* **REQUIREMENT**
Apart from the images, repeat the data below exactly as written.

* **THE DATA**
=== Begin Enclosure ===
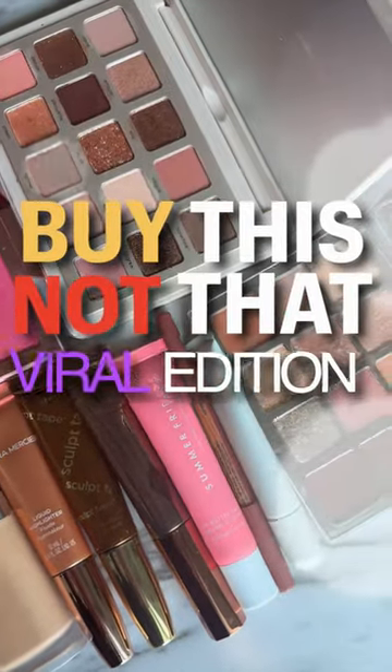Buy this, not that — viral edition. Instead of buying the Drunk Elephant Deep Bronzy Drops, which require you to mix with their skincare product — marketing genius, making us spend a lot of money — just get a primer that does both instead. This Hard Candy Glow Serum Primer leaves a little bit of a bronze, a huge glow, and hydration to the skin.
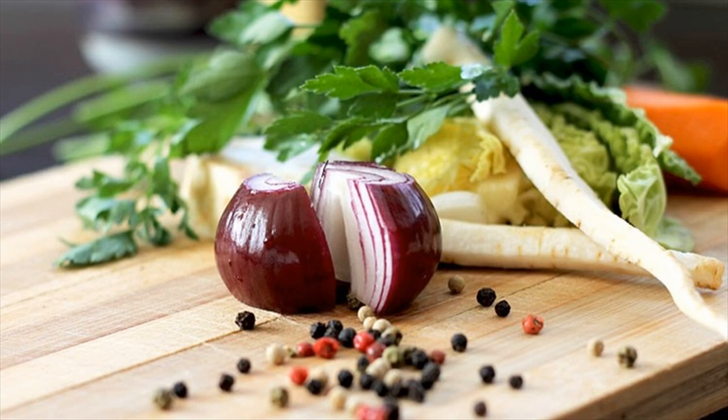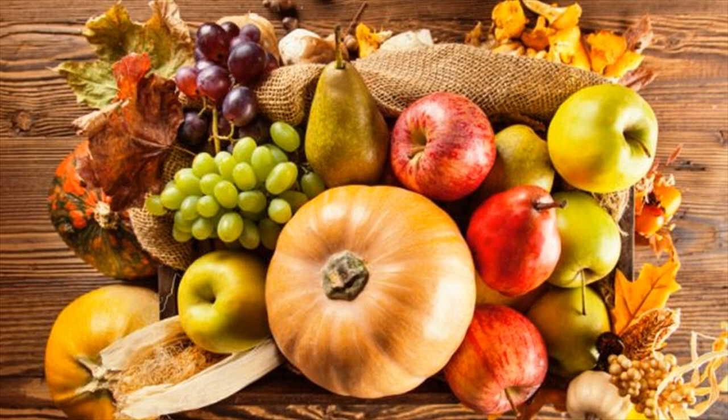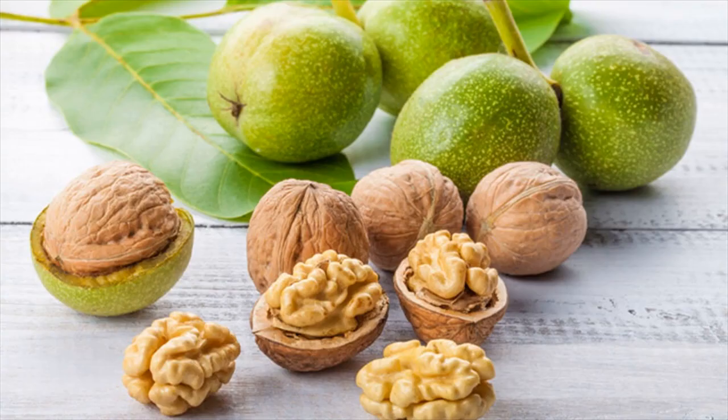Cruciferous vegetables include broccoli, bok choy, cauliflower, and cabbage. These vegetables add glucosinolate to your system and increase liver enzyme production. The enzymes also flush out the free radicals, toxins, and other agents that harm the liver.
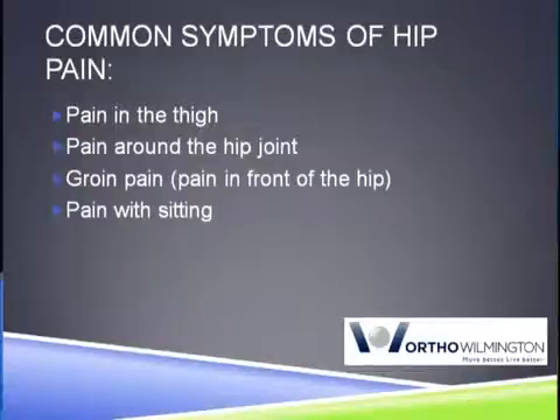Now Dr. Steele, a lot of our viewers might be experiencing hip pain but not exactly know what the cause is. What are some common things you see at Ortho Wilmington? A lot of patients come in to me with what they think is hip pain, and they can have pain in the front of their groin area, on the side of their hip, or even in the back of their hip.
=== End Enclosure ===
* **WRITTEN REPLY**
Buy this, not that — viral edition. Instead of buying the Drunk Elephant Deep Bronzy Drops, which require you to mix with their skincare product — marketing genius, making us spend a lot of money — just get a primer that does both instead. This Hard Candy Glow Serum Primer leaves a little bit of a bronze, a huge glow, and hydration to the skin.
Cruciferous vegetables include broccoli, bok choy, cauliflower, and cabbage. These vegetables add glucosinolate to your system and increase liver enzyme production. The enzymes also flush out the free radicals, toxins, and other agents that harm the liver.
Now Dr. Steele, a lot of our viewers might be experiencing hip pain but not exactly know what the cause is. What are some common things you see at Ortho Wilmington? A lot of patients come in to me with what they think is hip pain, and they can have pain in the front of their groin area, on the side of their hip, or even in the back of their hip.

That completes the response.